The UNP is speaking a kind political Creole which is hardly
comprehensible, where devolution is concerned. What one gathers from its
gobbledygook is that it is wary of challenging the status quo, but
mum’s the word on its part as regards the full implementation of the
13th Amendment; it has only promised ‘meaningful devolution’ in its
proposed draft constitution, whatever that means. The leftists in the
ruling coalition have stolen the UNP’s thunder by openly opposing moves
to dilute the 13th Amendment. On Monday, several ministers told the
media that they were for devolution and the 13th Amendment must not be
tampered with.
The JVP has renewed its call for the abolition of the provincial
councils, but the government’s nationalist allies, the JHU and the NFF,
are doing a far more effective campaign against devolution than the
Rathu Sahodarayas.
The government seems to have taken a leaf out of the book of South
American logging industry which sets up and funds environmental outfits
to stage mild protests against deforestation so as to shut out the
genuine anti-logging campaigners capable of posing a threat to its
interests. With its coalition partners now campaigning both for and
against devolution, the government can rest assured that protests either
for or against the 13th Amendment will not get out of hand.

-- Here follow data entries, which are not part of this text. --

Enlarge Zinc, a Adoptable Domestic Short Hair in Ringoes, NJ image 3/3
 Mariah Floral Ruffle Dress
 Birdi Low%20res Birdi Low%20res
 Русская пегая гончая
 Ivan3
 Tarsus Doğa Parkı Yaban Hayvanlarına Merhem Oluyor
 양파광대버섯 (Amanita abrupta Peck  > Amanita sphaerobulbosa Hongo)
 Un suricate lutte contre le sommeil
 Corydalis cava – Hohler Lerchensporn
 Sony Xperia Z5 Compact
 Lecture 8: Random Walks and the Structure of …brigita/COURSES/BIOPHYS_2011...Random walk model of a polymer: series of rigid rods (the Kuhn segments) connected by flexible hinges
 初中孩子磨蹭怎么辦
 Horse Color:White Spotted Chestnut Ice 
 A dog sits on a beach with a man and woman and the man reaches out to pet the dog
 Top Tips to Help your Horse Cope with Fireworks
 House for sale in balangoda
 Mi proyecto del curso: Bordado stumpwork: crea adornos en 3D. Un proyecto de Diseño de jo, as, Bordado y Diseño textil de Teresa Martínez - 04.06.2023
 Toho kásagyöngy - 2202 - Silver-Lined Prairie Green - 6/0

Another ruse that the government has adopted to preclude the Opposition
from harnessing public resentment to gain the much-needed political
traction when ruling party politicians get into hot water is to have
Cabinet ministers condemn those miscreants far more vigorously than the
UNP and the JVP do. A Northwestern provincial councillor who recently
forced a female teacher to kneel down in her school had the entire
Cabinet coming down on him like a ton of bricks, so much so that he had
to tender his resignation. (However, let none be so naïve as to think he
will be punished by the party.) This method may be called political
back burning in that, like firefighters who stop a forest fire by
clearing an area ahead of it with the help of a new fire that spreads in
the opposite direction to the advancing flames, the government
neutralises public anger by engineering protests against the rogues
within its ranks when they get exposed for misconduct or crimes. A
Cabinet minister has even called for a code of conduct for politicians
and flayed some of his own party men! His call may have struck a
responsive chord with the unsuspecting public fed up with politicians.
While the UPFA is thus craftily playing the roles of both the government
and the Opposition to safeguard its interests, the UNP is busy digging
itself into a hole. The sacking of 20 odd dissidents could not have come
at a worse time for the ailing party which alone has the potential to
be an effective countervailing force against the government. Instead of
battening down the hatches and waiting for the political storm to pass,
the UNP leader and his rivals are going for each other’s jugular. The
government couldn’t have wished for a better Opposition!